A temple in Matale, Sri Lanka
(Click to enlarge.)
Bill Hamblin weighs in:
My concern isn’t merely that the Maxwell Institute has published non-Mormon perspectives. I pioneered that myself, by publishing articles by Michael Heiser and by (precisely) Paul Owen and Carl Mosser that were explicitly Evangelical and overtly critical of LDS claims. I haven’t changed my view on the matter: I’m not afraid of non-Mormon viewpoints, and I don’t object to publishing them. I think, indeed, that we have much to learn from them. One of the four books published thus far by the Interpreter Foundation is by the non-Mormon scholar Samuel Zinner, and we have the official Vatican astronomer, a Jesuit, coming to Utah early in 2016 to speak at an Interpreter Foundation conference on science and religion. And so forth.
The difference, it seems to me, is that the old FARMS and the early Maxwell Institute were overtly, vocally, “orthodoxly,” and unmistakably Mormon. Our overall point of view was clear. And, if one of our non-LDS authors made an argument or an assertion that we felt needed countering or required contradiction from us, we didn’t hesitate to do so. Politely and cogently, I hope, but without reservation. People knew where we stood.

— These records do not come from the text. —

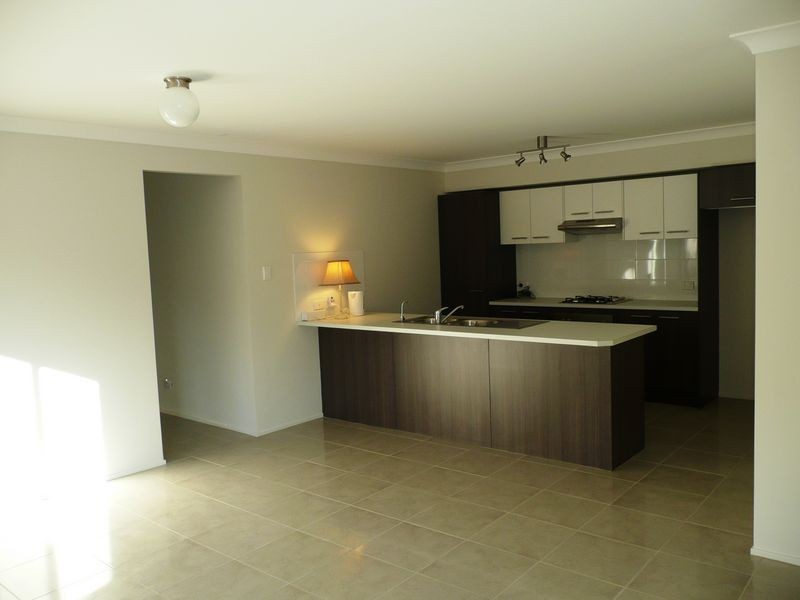 46 MACKAY CCT, Ropes Crossing NSW 2760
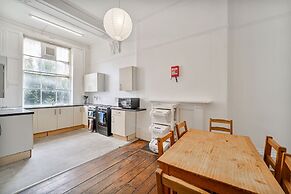 No 3 Georgian Shared House - By Clifton Short Lets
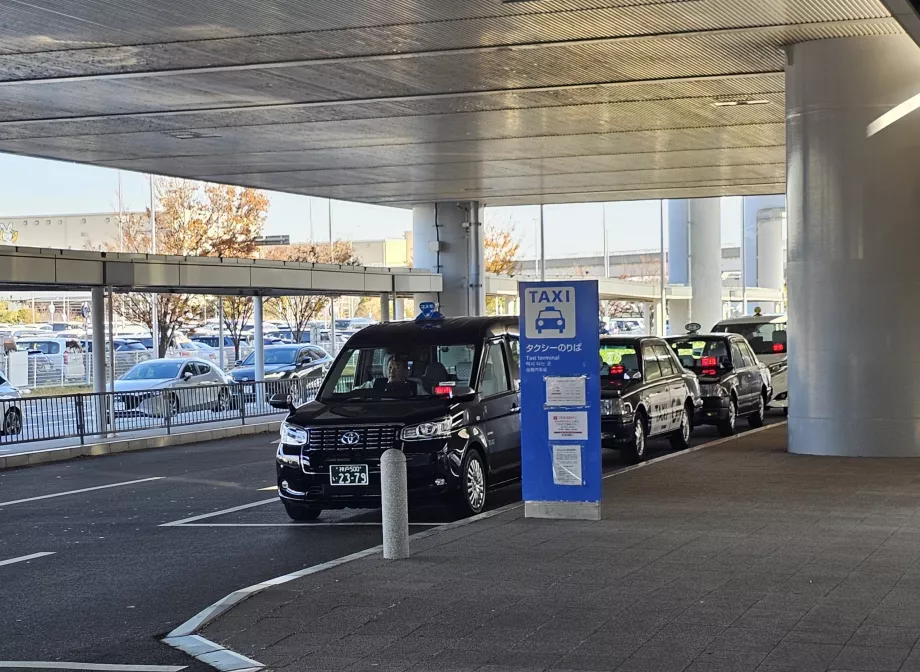 Таксиметрова стоянка пред Терминал 1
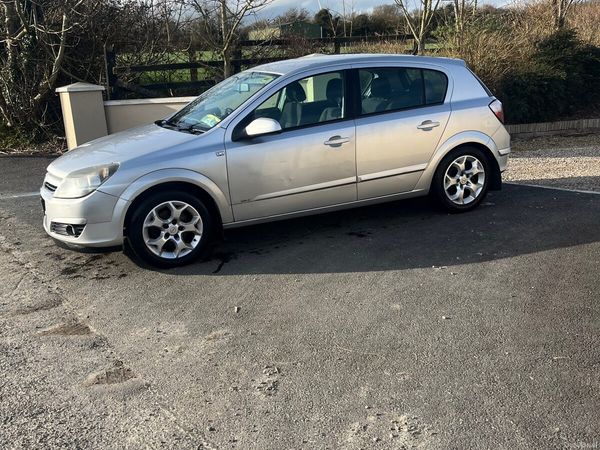 Opel Astra Hatchback, Petrol, 2005, Silver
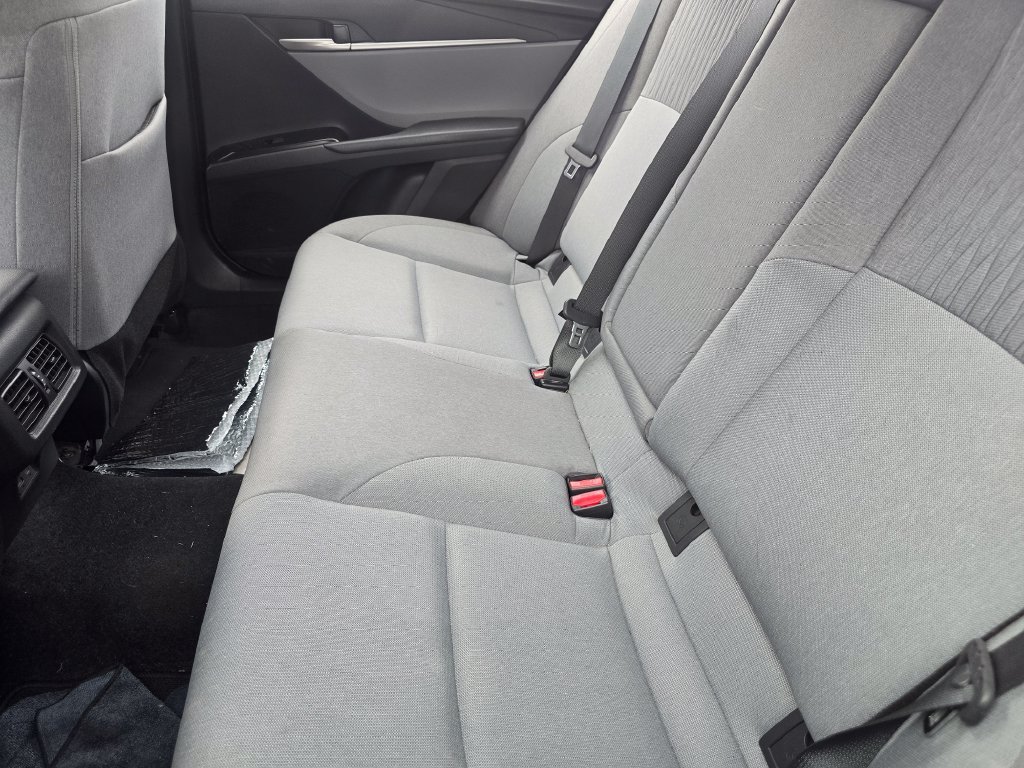 Used 2025  Toyota LE image 23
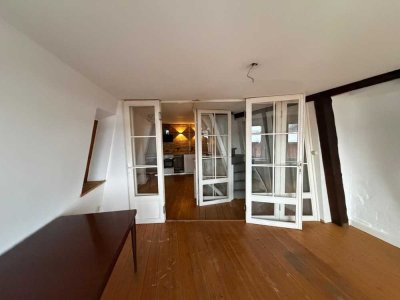 Altbaucharme auf 3,5-Zimmer Wohnung in Lübecker Altstadt an der Trave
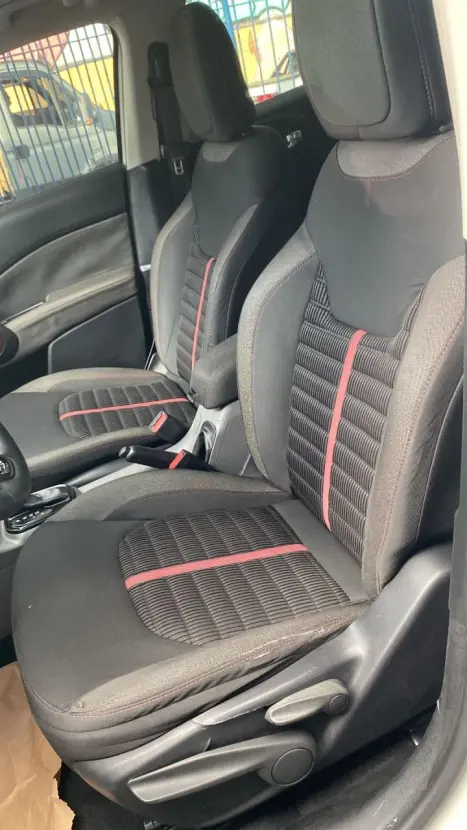 FIAT Toro 1.8 16V 4P FLEX FREEDOM AUTOM�TICO, Foto 3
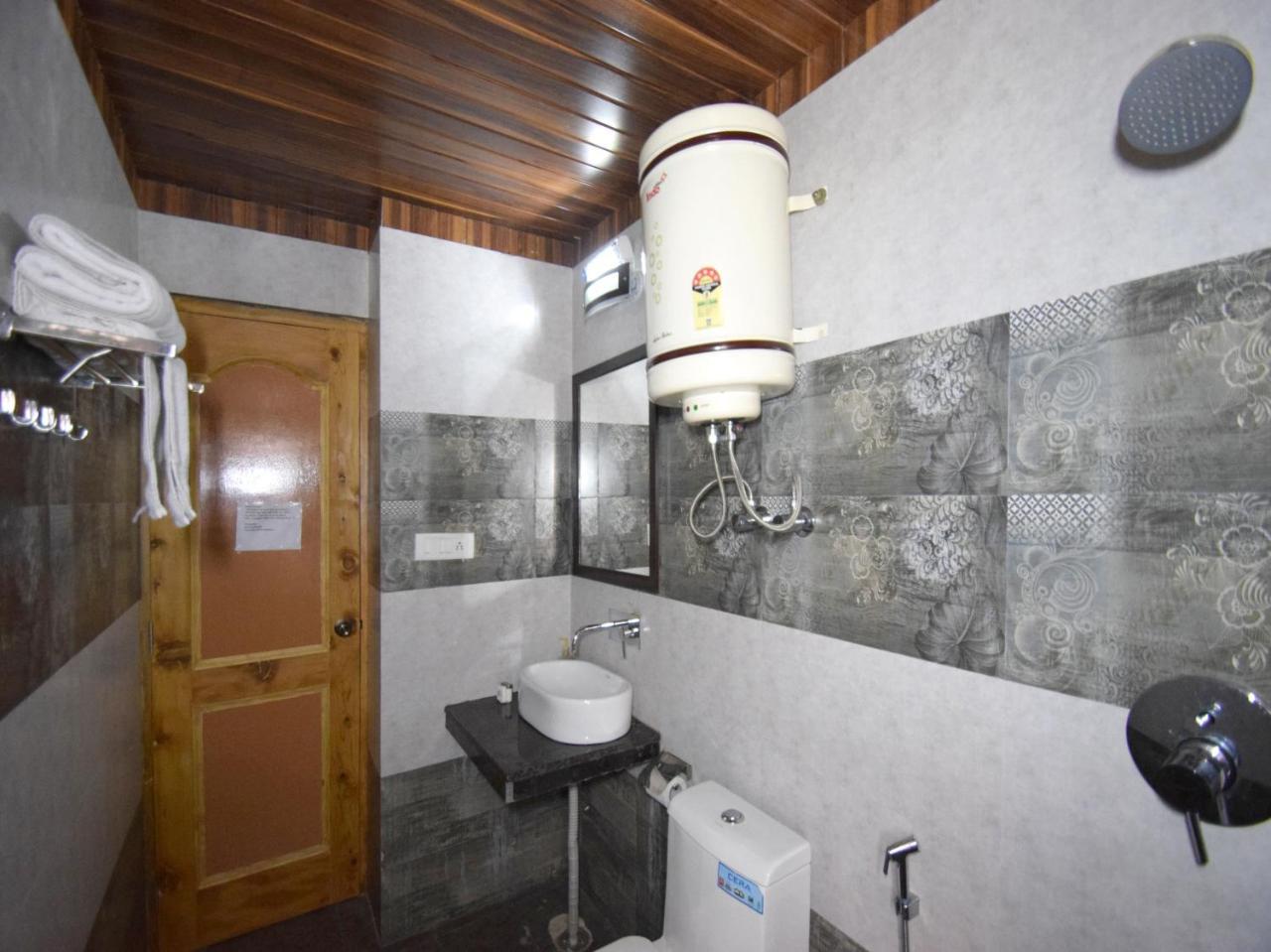 Oyo 10255 Hotel Red Apple Manali  Bagian luar foto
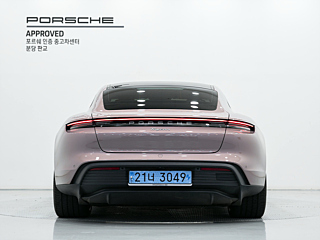 PORSCHE TAYCAN 2023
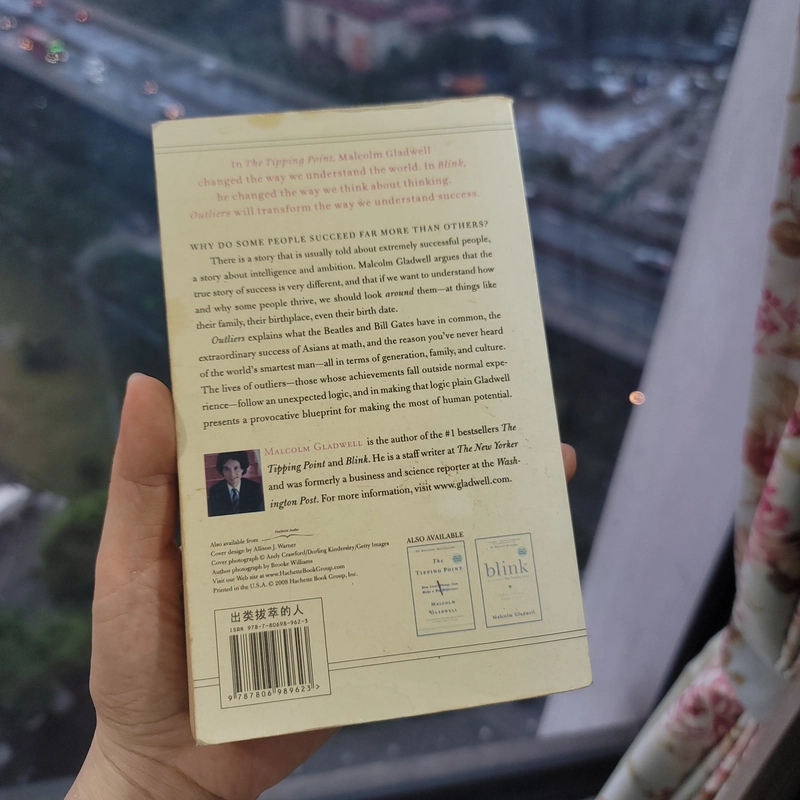 [Tiếng Anh] OUTLIERS 470315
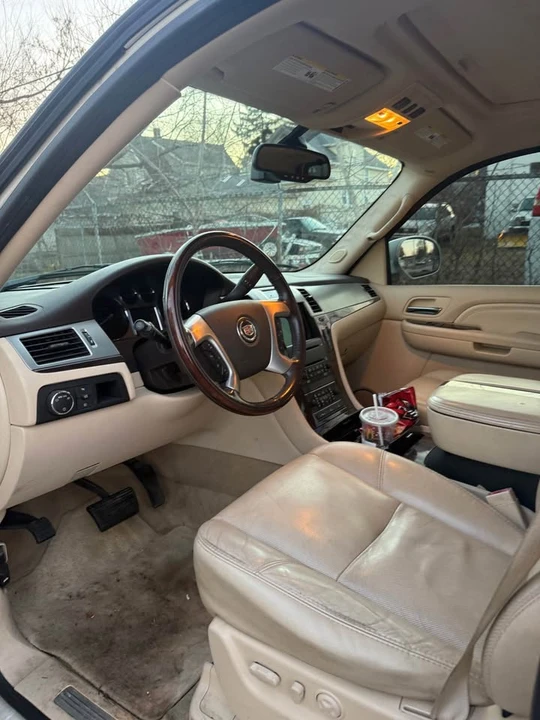 2007 Cadillac Escalade & EXT 3rd Gen - Image 13 of 20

The New Maxwell Institute is, by contrast, rather inscrutable. It seems to have adopted a position of studied neutrality or objectivity — necessary at Claremont or at Utah State, but (to put it mildly) uncharacteristic of Brigham Young University. For example, it leaves denials of the existence of the plates of the Book of Mormon in its own pages quite uncontradicted, and it isn’t otherwise known anymore for its explicit advocacy of the Restoration. Context is all.